Of course I remember. How could I forget? It’s all I’ve been thinking about since we first heard about the discovery of the body: that people know that Lily was there, and soon they’ll know that Jake was too.

“Maybe it’s not even him,” I say, trying to stay optimistic. “Other people have died in those woods.”

Lily just gives me a look. Of course it’s him.

“It doesn’t necessarily mean that you did something to him, Lily. That forest preserve gets a lot of foot traffic. You remember how busy it was when we were there. It was hard to even find a place to park. Anyone could have been there. Anyone could have done it. Anyone could have hurt him, like that Brady guy.”

“Jim,” she says, the husband of her colleague, the man who saw Lily there that day.

“Right, Jim Brady. He could have done something to Jake.”

“Why would Jim Brady do something to Jake?”

“He didn’t.
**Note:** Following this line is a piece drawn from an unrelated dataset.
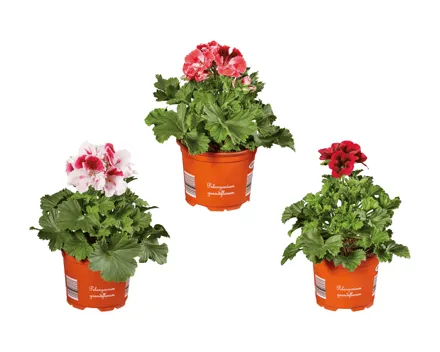 Pelargonium grandiflorum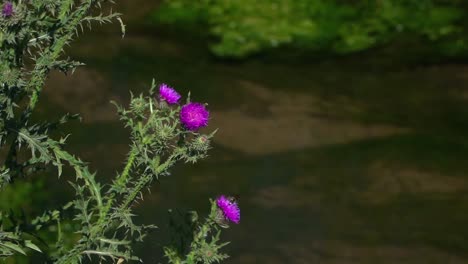 Close-up-of-thistle-flowers-beside-a-drainage-channel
I’m just thinking out loud. Creating reasonable doubt,” I say because that is all we need. Reasonable doubt. “Or maybe Jake did something to himself. Maybe he slipped and fell and hit his head.” I’ve asked before, but never gotten a clear answer. I try again now. “How many times do you think you hit him with the rock, Lily?” If it was once, maybe twice, a skull fracture could be ruled an accidental death, maybe. There are plenty of things to trip over at the forest preserve, plenty of places for a head to hit, like a boulder or concrete. I went to school with a kid who fell off his bike and hit his head on the curb. He wasn’t wearing a helmet because no one did back then. I was there when he fell off his bike. I watched him fall over the handlebars and onto the street. He got up, dusted off his pants, got back on his bike. I laughed at him. We all did. He laughed at himself, too, which later helped lessen my guilt. We went to the store for candy. He thought he was fine. Six hours later he was dead.

“I don’t know, a few,” Lily says. This whole thing with the body has her visibly rattled. Lily didn’t sleep again last night. All night, I felt her tossing and turning in bed. She mumbled in her sleep, things like stop and no, and unconsciously she whimpered so that I had to shake her awake and tell her she was okay. For a long time, I stayed awake with her, rubbing her back, trying to get her to relax.

“Do you think it was like twice,” I ask, “or like six times?”

“I think more than twice.” Lily is on the verge of tears. I hate bringing it up because I know it upsets her. “I just, I don’t know, Christian, I just reacted. It was involuntary. I don’t even remember doing it, but I know that I did because I remember what he looked like after, how he was bleeding.”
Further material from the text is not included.